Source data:

--------------------

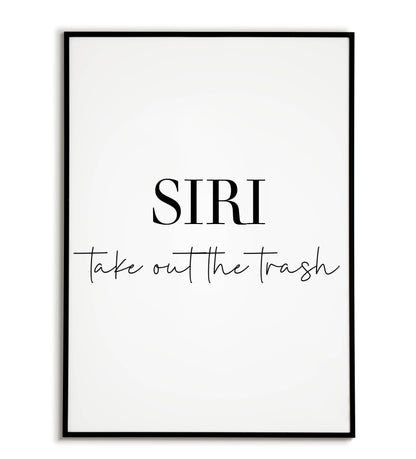 Humorous "SIRI, take out the trash" printable poster, playful reminder for maintaining a clean home.	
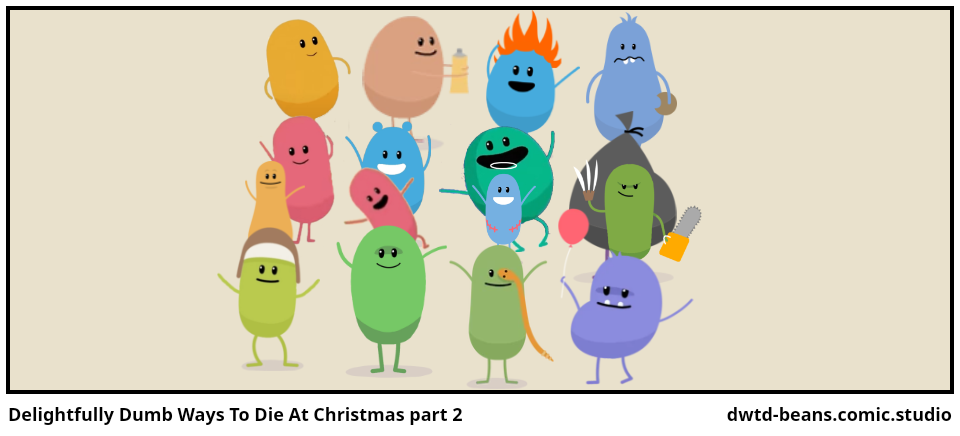 Delightfully Dumb Ways To Die At Christmas part 2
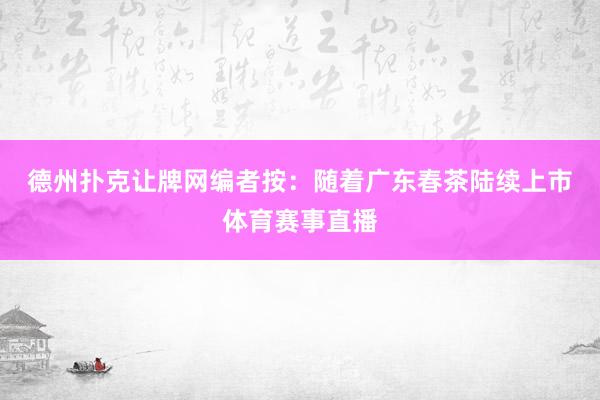 德州撲克讓牌網　　編者按：隨著廣東春茶陸續上市體育賽事直播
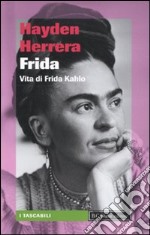 Frida. Vita di Frida Kahlo libro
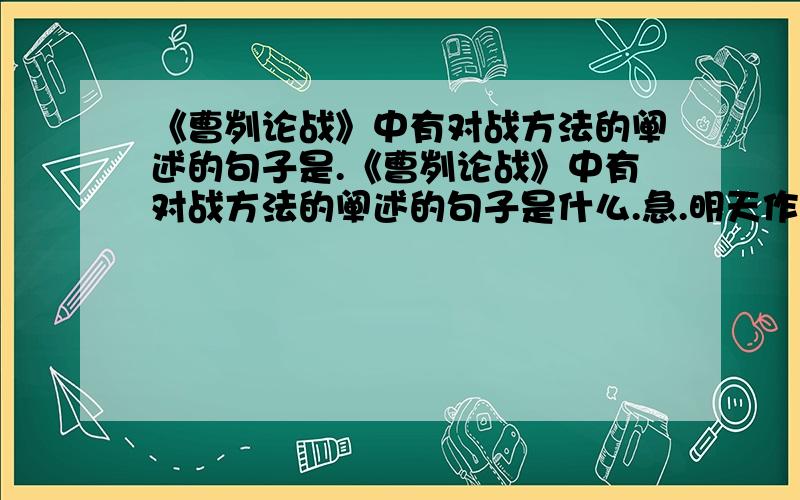 《曹刿论战》中有对战方法的阐述的句子是.《曹刿论战》中有对战方法的阐述的句子是什么.急.明天作业要交的.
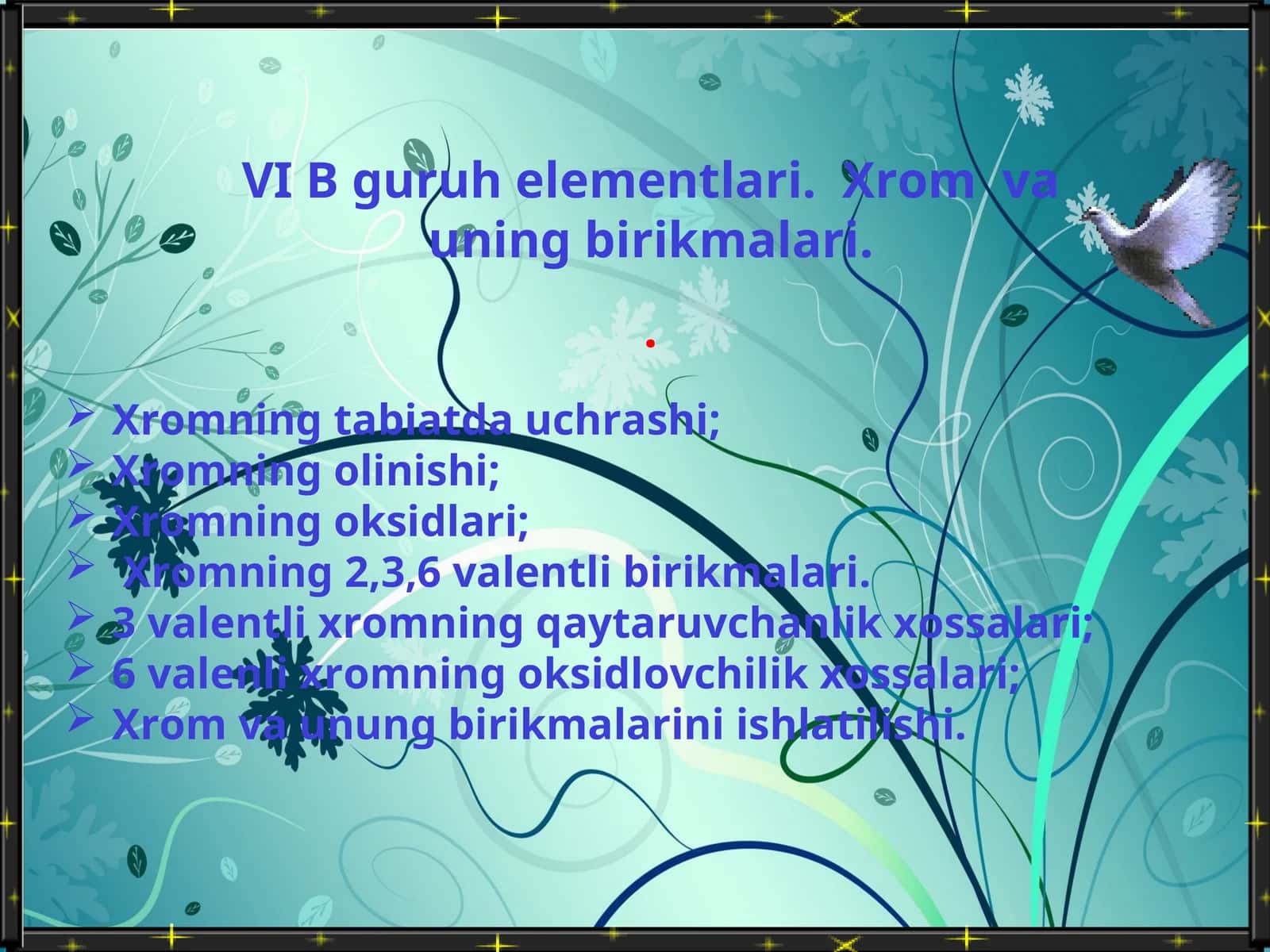 VI B guruh elementlari. Xrom va uning birikmalari
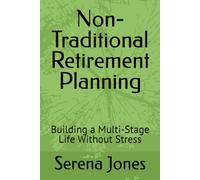 Non-Traditional Retirement Planning: Building a Multi-Stage Life Without Stress
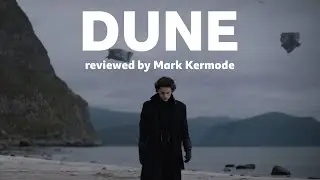 Dune reviewed by Mark Kermode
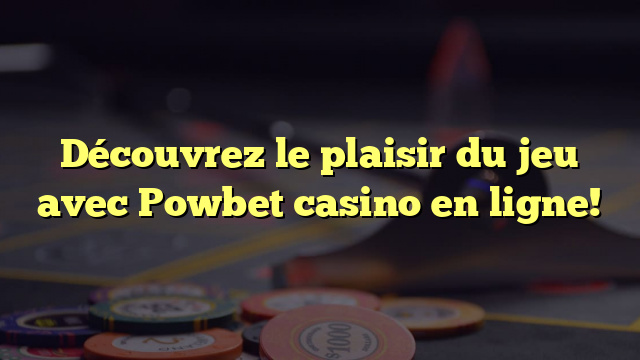 Découvrez le plaisir du jeu avec Powbet casino en ligne!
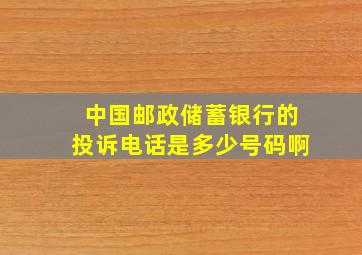 中国邮政储蓄银行的投诉电话是多少号码啊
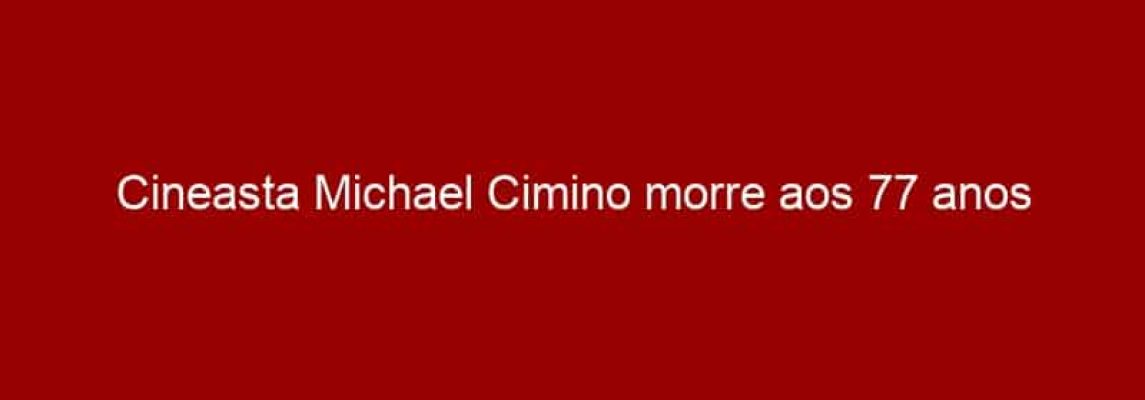 Cineasta Michael Cimino morre aos 77 anos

--------------------

- PROMPT: Repeat exactly the lines in the entries from the one containing "Frida. Vita di Frida Kahlo libro" to the final line, inclusive, and nothing beyond them; skip pictures.

- COMPLETED TASK:
 Frida. Vita di Frida Kahlo libro
 《曹刿论战》中有对战方法的阐述的句子是.《曹刿论战》中有对战方法的阐述的句子是什么.急.明天作业要交的.
 VI B guruh elementlari. Xrom va uning birikmalari
 Non-Traditional Retirement Planning: Building a Multi-Stage Life Without Stress
 Dune reviewed by Mark Kermode
 Découvrez le plaisir du jeu avec Powbet casino en ligne!
 中国邮政储蓄银行的投诉电话是多少号码啊
 Cineasta Michael Cimino morre aos 77 anos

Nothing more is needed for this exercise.